Single by Keith Urban

from the album Golden Road
- Released: June 17, 2008
- Recorded: 2002 (Original version) 2008 (Re-recorded version)
- Genre: Country rock
- Length: 3:47 (Golden Road version); 3:55 (Greatest Hits: 19 Kids version);
- Label: Capitol Nashville
- Songwriters: Mark Nesler; Tom Shapiro; Tony Martin;
- Producers: Dann Huff; Keith Urban;

Keith Urban singles chronology
| "In God's Hands" (2008) | "You Look Good in My Shirt" (2008) | "Start a Band" (2008) |

Music video
- "You Look Good in My Shirt" at CMT.com

= You Look Good in My Shirt =

"You Look Good in My Shirt" is a song, written by Mark Nesler, Tom Shapiro, and Tony Martin and recorded by Australian country music artist Keith Urban for his 2002 album Golden Road. The original version charted at number 60 on the country charts in 2004 based on unsolicited airplay, while a re-recorded version of the song (which was included on a re-issue of Urban's 2007 Greatest Hits: 18 Kids compilation album) was issued as a single in June 2008. For the chart week of September 6, 2008, it has become Urban's eighth Number One song and his first Number One since "Better Life" reached Number One in late 2005.

==Content==
The song is an up-tempo based on electric guitar riffs. Its lyrics tell of a male and female who had previously broken up, but reunited the night before, as stated in the last half of the first verse. The chorus takes place the morning after their reunion, where the male character then sees that the female is wearing nothing but his shirt, and although he is uncertain about their relationship, he likes how she looks.

==Critical reception==
Ben Cisneros of Engine 145 gave the song a "thumbs up" rating. His review made note of the "70's guitar fills" and the simple song structure, which "kept the cuteness in this one from crossing over from enjoyable into insufferable territory".

==History==
"You Look Good in My Shirt" was initially planned to be released as the fifth and final single from Urban's 2002 album Golden Road. However, it was withdrawn and replaced with "Days Go By", the first single from his next album 2004's Be Here. Even though the song had been withdrawn before it could be promoted as a single, the version from Golden Road received enough airplay to reach #60 on the Billboard country charts.

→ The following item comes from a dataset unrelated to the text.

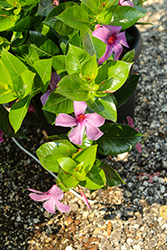 Sun Parasol Bluephoria Mandevilla (Mandevilla 'Sun Parasol Bluephoria') at Canadale Nurseries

In June 2008, Urban re-recorded the song and officially released that new version as a single. According to Urban, his intention to re-record the song was to "bring all of the live energy" to it, since the song had become a regular feature of his concerts and had gained popularity among fans. The newly-recorded rendition debuted at number 42 on the Hot Country Songs chart for the week of June 14, 2008. On the chart dated for September 6, 2008, the song became Urban's eighth Number One hit on the U.S. country charts. In addition to its inclusion on the live DVD, the newly-recorded version of "You Look Good in My Shirt" was also featured on a re-issue of Urban's compilation album Greatest Hits: 18 Kids album, which was re-titled Greatest Hits: 19 Kids in order to indicate the addition of a new track.

==Music video==
The music video was recorded live in Atlanta, GA, during Urban's Love, Pain, & The Whole Crazy World Tour. It was directed by Chris Hicky.

==Chart performance==
The initial version of "You Look Good in My Shirt" spent one week at #60 on the Billboard country charts. The 2008 re-recording reached Number One on the country charts on the chart week of September 6, 2008, giving Urban his first Billboard Number One since "Better Life" three years previous.

===Golden Road version===

| Chart (2004) | Peak position |
|---|---|
| US Hot Country Songs (Billboard) | 60 |

===2008 re-recording===

| Chart (2008) | Peak position |
|---|---|
| Canada Country (Billboard) | 1 |
| Canada Hot 100 (Billboard) | 54 |
| US Billboard Hot 100 | 44 |
| US Hot Country Songs (Billboard) | 1 |

====Year-end charts====

| Chart (2008) | Position |
|---|---|
| Canada Country (Billboard) | 5 |
| US Country Songs (Billboard) | 17 |

==Certifications==

| Region | Certification | Certified units/sales |
| Australia (ARIA) | Gold | 35,000^{‡} |
| United States (RIAA) | Gold | 500,000^{‡} |
^{‡} Sales+streaming figures based on certification alone.